At that fateful hour, Netanyahu doubled the number of Amona residents who could remain on the controversial hilltop, promised to give them an extra month in their current homes, and gave them an additional million shekels per family “to rehabilitate their lives.”

Whatever the settlers requested, they received.

In return, all the Amona residents promised was to leave peacefully and prevent a rerun of the painful images of settlers fighting policemen and soldiers when Amona was evacuated a decade ago.
After Amona residents agree to government deal, protestors pray and leave the outpost

That was really all Netanyahu wanted. Sources familiar with the proceedings said his goal going into the meeting was to achieve a peaceful evacuation at any cost.

Not negotiating from strength, Netanyahu gave up so much money that ministers were forced to accept a blind cut across the board in every ministry, just ahead of passing the state budget in its final readings.
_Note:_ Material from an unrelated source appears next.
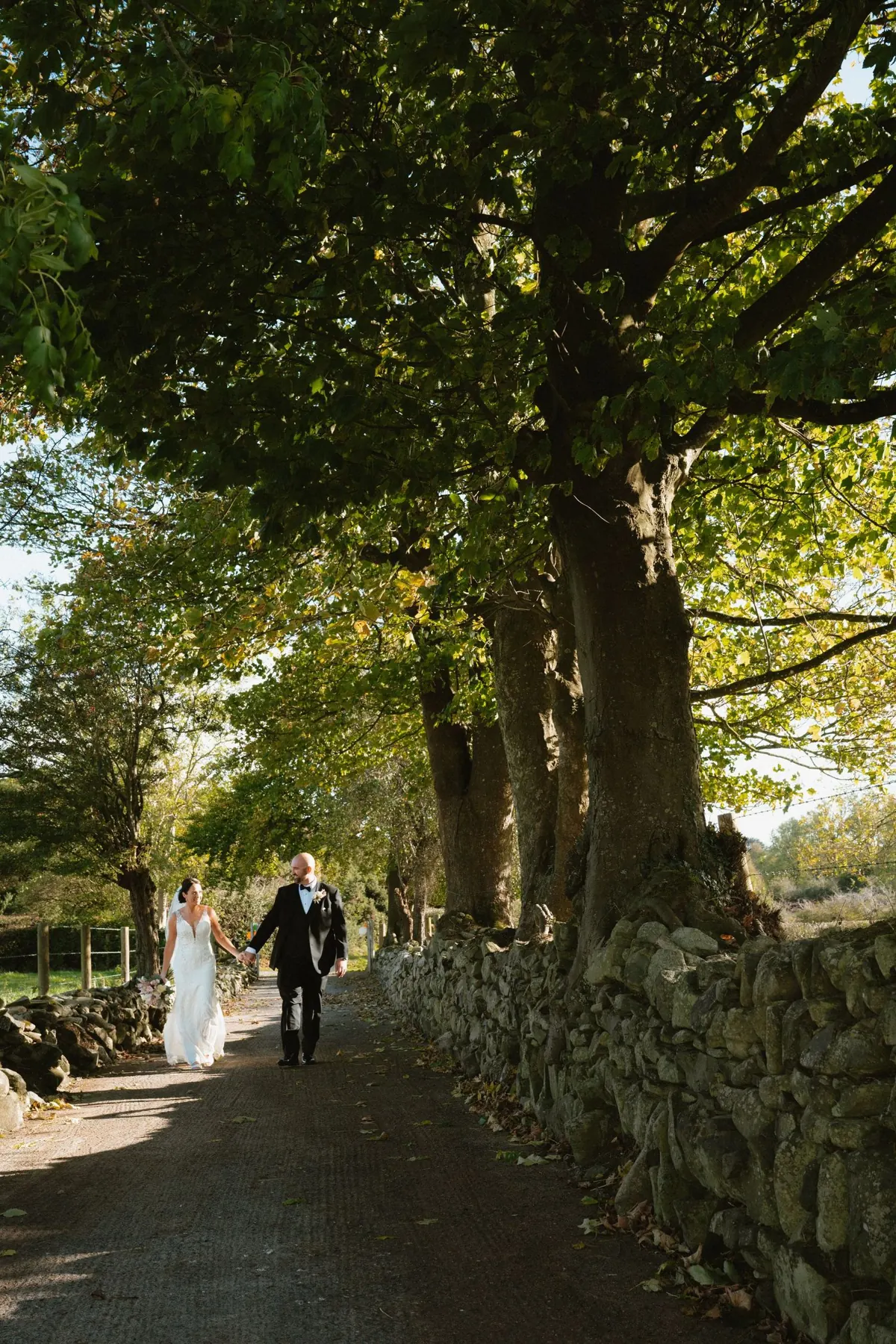 Tree-lined walk with bride and groom outside Killeavy Castle in Northern Ireland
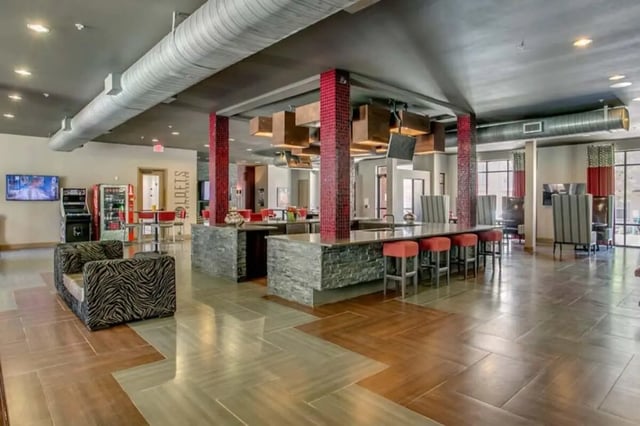 Zebra print sofa island bar with stools living room at The Lofts at City Center in Tuscaloosa Student Accommodation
The ministers argued about some of the reasons given for the cut, but none of them complained about funding a peaceful evacuation.

To argue against funding a peaceful evacuation would have been raising their hand in favor of violence between Jew and Jew and against settling the West Bank.

There were 59 Amona residents who voted against the initial deal they were offered last week, even though they were told it was the last deal they would receive.

Those 59 people proved themselves to be better negotiators than Netanyahu and any of his ministers.

And they proved themselves to be stronger and more decisive at the moment of truth, even when that moment is 3 a.m.